Alberto Guerra Naranjo
La novia del sonero
Olga Lidia era alta, fogosa, alegre, rubia con culo de negra; jamás negó la sangre africana en sus venas y esa actitud a él le encantaba. Bien pegada a la tarima, era capaz de bailar con todas sus canciones; daba salticos eufóricos como en el campamento o subía a los escenarios a moverse sabroso, hasta abajo, cuando ya no aguantaba; lloraba a moco tendido con cada bolero tierno salido de su voz; lanzaba besos apasionados al escenario, improvisaba coreografías de ocasión con otros bailadores que le quedaban perfectas; sudaba henchida de goce y esperaba en un rincón, como buena estudiante, a que concluyeran los conciertos; bailaba rico, pegada a él, en las oscuridades del Karachi, en La red, en el Saint John, en La zorra y el cuervo, en El gato tuerto y en cuanto club nocturno descubrieran; se dejaba besar apasionada en los bancos del parque Maceo, en los de la calle G, en Monte Barreto, y en el muro del Malecón; consentía que la amara en la posada de Once y veinticuatro y en casi todas las de Playa; cocinaba rico, desnudita y en delantal, espaguetis al dente con vita nova, orégano en polvo y queso parmesano; frijoles negros dormidos, arroz blanco, papas fritas, ensalada de aguacates y bistec encebollado; en el peor de los casos: arroz amarillo con chicharro, ensalada mixta de tomates, espinacas y zanahorias, sin que faltaran las cajas de cervezas, en las casas en la playa de Guanabo, Santa María, Jibacoa, resueltas por un fanático del sindicato de Cultura que nunca fallaba; Olga Lidia hacia el amor con una rabia inusitada, despacio, como si bailara horizontal en el mejor escenario; Olga Lidia se sentía feliz, con su culo de negra, dueña y señora de la voz de un cantante, en el Jagua de Cienfuegos, en el Habana Santiago de Ciego de Ávila, y en cada hotel de provincia donde el grupo era invitado.
Las novias de mi padre
Ellas, las cuarentonas, decentes en su mayoría, formaban parte de un ejército de muertas de hambre de amor, con historiales tristes que comentaban a mi padre por su turno.

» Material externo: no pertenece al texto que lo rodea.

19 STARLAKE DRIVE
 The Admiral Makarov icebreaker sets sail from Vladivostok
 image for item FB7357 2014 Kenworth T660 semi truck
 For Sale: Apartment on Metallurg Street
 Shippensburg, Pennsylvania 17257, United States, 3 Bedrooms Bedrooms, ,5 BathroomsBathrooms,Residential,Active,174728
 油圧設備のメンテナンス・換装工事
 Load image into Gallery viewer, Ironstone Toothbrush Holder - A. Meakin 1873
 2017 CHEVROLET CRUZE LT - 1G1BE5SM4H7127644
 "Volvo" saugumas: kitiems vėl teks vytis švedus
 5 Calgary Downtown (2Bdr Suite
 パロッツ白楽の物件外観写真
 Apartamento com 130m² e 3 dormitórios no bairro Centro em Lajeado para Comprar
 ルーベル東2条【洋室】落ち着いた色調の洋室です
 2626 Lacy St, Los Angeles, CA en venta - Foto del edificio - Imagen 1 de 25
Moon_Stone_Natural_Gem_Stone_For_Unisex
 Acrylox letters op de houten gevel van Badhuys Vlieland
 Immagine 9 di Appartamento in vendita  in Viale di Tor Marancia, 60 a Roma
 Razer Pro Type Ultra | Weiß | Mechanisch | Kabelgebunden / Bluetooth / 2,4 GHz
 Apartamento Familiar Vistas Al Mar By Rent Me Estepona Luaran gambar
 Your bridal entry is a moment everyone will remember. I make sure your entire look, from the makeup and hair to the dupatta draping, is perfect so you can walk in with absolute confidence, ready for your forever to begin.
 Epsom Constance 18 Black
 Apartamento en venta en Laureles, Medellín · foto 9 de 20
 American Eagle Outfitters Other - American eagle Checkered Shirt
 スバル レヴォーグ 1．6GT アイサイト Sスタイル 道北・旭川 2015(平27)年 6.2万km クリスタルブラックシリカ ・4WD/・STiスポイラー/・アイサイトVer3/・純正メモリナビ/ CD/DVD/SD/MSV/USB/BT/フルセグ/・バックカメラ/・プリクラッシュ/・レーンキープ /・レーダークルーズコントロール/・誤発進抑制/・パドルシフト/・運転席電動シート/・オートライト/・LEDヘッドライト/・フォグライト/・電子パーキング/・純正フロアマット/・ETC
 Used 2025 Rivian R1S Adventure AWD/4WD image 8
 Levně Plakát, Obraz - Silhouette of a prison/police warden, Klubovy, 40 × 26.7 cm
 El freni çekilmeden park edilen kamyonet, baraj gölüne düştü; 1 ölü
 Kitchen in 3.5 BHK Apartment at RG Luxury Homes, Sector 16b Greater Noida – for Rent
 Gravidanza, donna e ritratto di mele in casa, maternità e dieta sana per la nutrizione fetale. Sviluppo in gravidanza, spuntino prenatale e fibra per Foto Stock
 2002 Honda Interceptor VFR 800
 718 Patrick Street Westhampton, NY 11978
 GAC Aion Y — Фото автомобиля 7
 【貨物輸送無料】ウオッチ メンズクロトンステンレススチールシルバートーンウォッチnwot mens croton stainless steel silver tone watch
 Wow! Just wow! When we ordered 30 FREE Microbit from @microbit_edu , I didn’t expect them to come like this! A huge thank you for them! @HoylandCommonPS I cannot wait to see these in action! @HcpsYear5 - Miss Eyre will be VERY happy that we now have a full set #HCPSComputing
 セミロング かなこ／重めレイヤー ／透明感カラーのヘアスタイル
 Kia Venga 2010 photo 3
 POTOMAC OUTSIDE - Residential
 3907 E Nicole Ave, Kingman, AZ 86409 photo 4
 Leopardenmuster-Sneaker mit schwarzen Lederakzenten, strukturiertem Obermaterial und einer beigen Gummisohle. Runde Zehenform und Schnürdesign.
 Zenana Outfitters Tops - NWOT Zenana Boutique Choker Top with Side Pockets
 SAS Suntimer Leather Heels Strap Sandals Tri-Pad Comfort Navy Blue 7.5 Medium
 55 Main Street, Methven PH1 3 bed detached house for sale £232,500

Provocaban, además, un nudo intenso en su garganta, alguna humedad en sus ojos de vendedor palmero y cierta compasión solidaria, en la medida en que su carne tiesa penetraba en sus intimidades con estudiados golpes de placer; abusos de jovencito inquieto, que ellas, sudorosas, desajustadas, afortunadas, desaforadas, siempre agradecían. Lo mismo podía tratarse de alguna viuda ardiente de pasiones inconclusas que no aguantaba más en su condición de infeliz por decreto, que podía darse el caso de alguna cuarentona separada de algún alcohólico irredimible, o de alguna separada de algún sinvergüenza de burdel, o de alguna separada de algún vago de lotería, o de alguna separada de algún pendenciero inútil, o de alguna separada de algún adúltero empedernido. El asunto era que todas integraban un sutil ejército de mediotiempos traviesas, con las carnes duras todavía, en plena madurez para agitarse, locas por desatar sus energías sexuales a los cuatro vientos, y lo contemplaban bajar de un camión como si fuera un niñote con hambre de un afecto materno que ellas brindarían en la primera oportunidad que se ofreciera. A ese negro alto le vendría bien un buen baño después del trabajo, pobrecito, un almuerzo de domingo por la tarde con mucho amor, pero con la precaución de las ventanas cerradas para evitar chismorreos; así pensaban ellas, las cuarentonas dulces, a punto de ser correspondidas, mientras iban llenando sus canastas de viandas y de frutas, y así lo terminaban por proponer, caritativas, al que dentro de unos años después sería mi padre.